■ Task details:
Retype the listing found below exactly, but leave out each picture.

■ Dataset section:
== Segment start ==

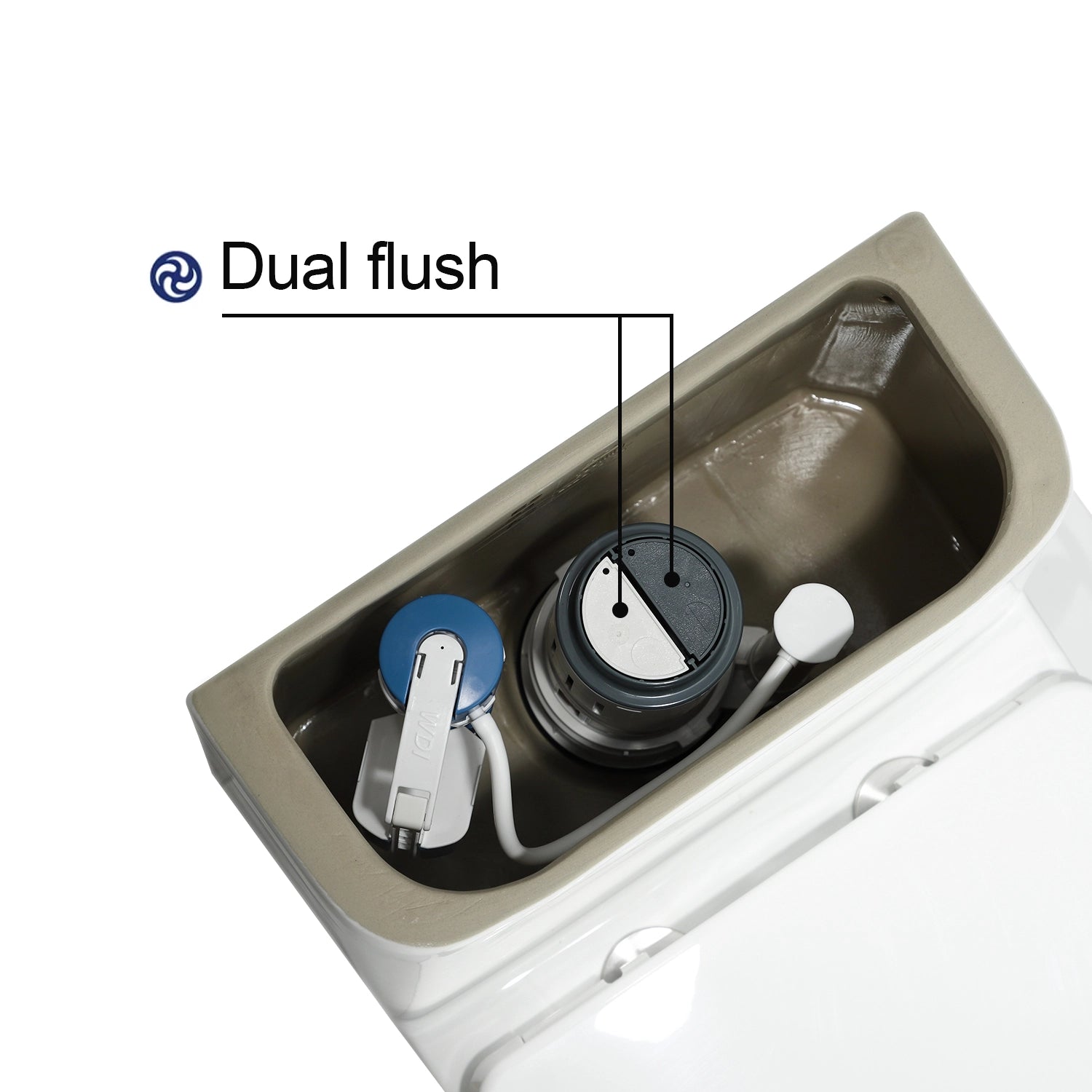 HOROW 12 Inch Rough In Toilet Dual Flush Elongated One Piece Toilet Model T0337W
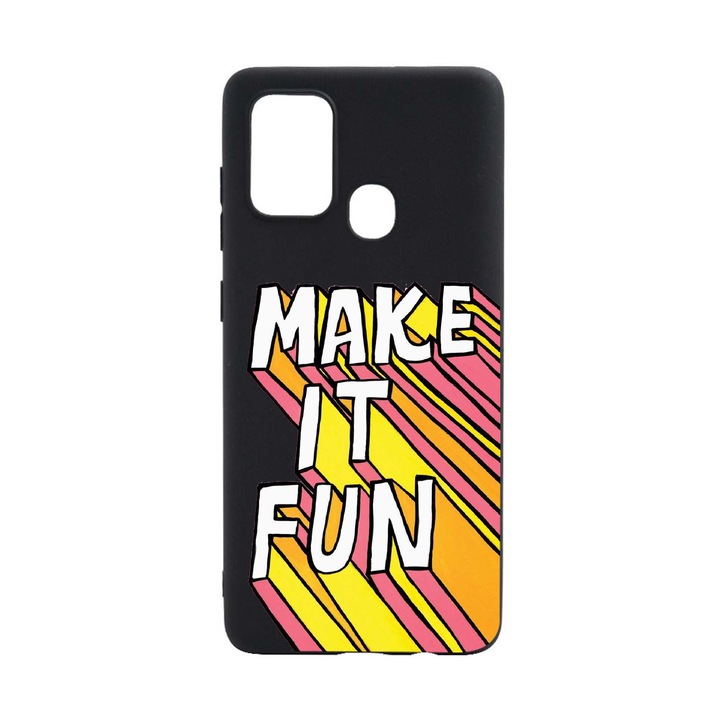 Husa Silicon Make It Fun, compatibila cu Realme 7i, rezistenta la uzura, B494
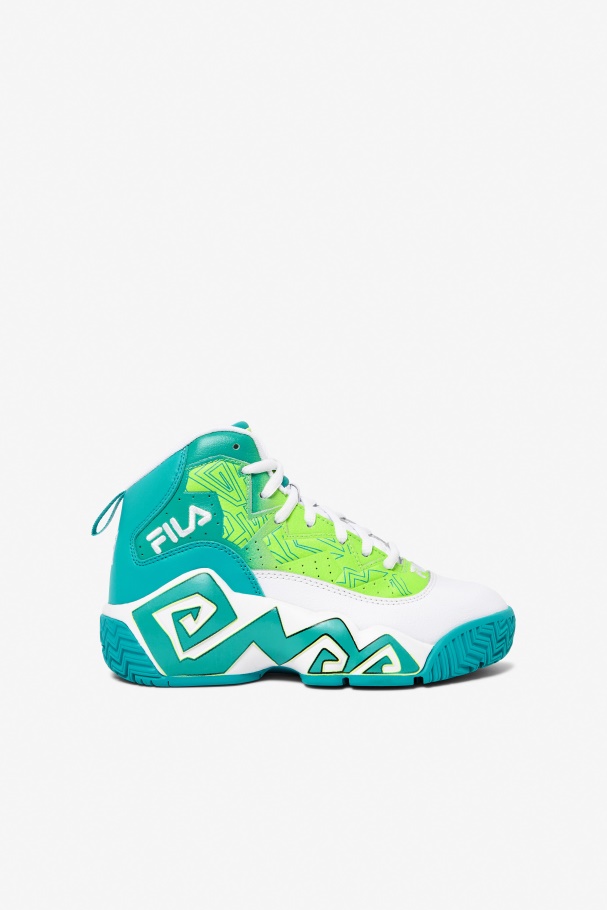 Big Kids' Mb White/Ceramic/Green Fila UK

== Segment end ==

■ Task output:
 HOROW 12 Inch Rough In Toilet Dual Flush Elongated One Piece Toilet Model T0337W
 Husa Silicon Make It Fun, compatibila cu Realme 7i, rezistenta la uzura, B494
 Big Kids' Mb White/Ceramic/Green Fila UK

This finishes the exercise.